All right. So we're basically almost done, homestretch. We just turn this back into a system of equations, and this just becomes x plus 3y plus 4z, and that equals 2. Now in the second equation, we have y plus z equals negative 5. Basically, just pulling the coefficients back into just or these numbers back into coefficients of an equation. And then this final one over here, this last equation, remember, these just are x and y and z coefficients. This just becomes z equals 7.

So how do I figure this out? How do I solve this? Well, you basically just sort of work your way back up the chain and then sort of plug stuff into the equation before it. So I'm going to call this equation 1, equation 2, and equation 3. If you plug the equation 3, the z equals 7 back into equation 2, what do you get? You get y + and then remember z is equal to 7 now, so y + 7 is equal to negative 5. If you go ahead and solve for this, what you're going to see is that y is equal to negative 12.

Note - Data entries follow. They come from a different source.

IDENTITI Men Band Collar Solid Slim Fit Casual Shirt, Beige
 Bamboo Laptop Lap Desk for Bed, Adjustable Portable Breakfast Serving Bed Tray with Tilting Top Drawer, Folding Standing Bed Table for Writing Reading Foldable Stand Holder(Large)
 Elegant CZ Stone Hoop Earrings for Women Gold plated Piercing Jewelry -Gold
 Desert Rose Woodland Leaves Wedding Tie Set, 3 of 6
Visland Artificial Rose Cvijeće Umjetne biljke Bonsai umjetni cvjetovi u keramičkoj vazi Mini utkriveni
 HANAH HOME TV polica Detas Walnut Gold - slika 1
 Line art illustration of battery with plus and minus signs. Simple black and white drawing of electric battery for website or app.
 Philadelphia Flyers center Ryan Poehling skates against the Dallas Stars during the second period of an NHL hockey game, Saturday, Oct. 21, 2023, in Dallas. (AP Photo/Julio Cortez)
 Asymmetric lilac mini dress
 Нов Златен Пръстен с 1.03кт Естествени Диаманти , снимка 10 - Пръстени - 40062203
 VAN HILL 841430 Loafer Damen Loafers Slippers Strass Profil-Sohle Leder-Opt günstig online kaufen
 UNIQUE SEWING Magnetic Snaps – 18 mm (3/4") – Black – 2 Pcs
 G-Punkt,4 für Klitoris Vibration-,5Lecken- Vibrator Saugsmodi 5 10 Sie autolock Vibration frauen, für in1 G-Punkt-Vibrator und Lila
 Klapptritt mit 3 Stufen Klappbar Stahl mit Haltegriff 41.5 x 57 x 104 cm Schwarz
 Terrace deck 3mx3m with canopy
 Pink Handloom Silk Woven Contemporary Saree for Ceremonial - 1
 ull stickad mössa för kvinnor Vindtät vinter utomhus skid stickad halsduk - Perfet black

So that's the that's one of the numbers that you have, or that's one of the sort of the answers to this problem, z equals 7. When you plug it back into equation 2, you get the second number, which is y equals negative 12. And then when you take both of these numbers and plug it back into equation number 1, you'll get your 3rd number. So equation 1 becomes this. So this is going to become, x plus 3. Now we don't plug in y because we know y is equal to negative 12. And we don't plug in z because we know that z is equal to 7, and this is equal to 2. Alright?

So if you solve for this, what you're going to see is that you end up getting, that x minus 36 + 28 is equal to 2. And if you actually solve for this, what you're going to see is that x is equal to 10, and that is the answer. So in other words, the solution to the system of equations is x equals 10, y equals negative 12, and z equals 7. I know this is super tedious, but this is how you use these row operations to solve a matrix in row echelon form. Thanks for watching. Hopefully, this made sense.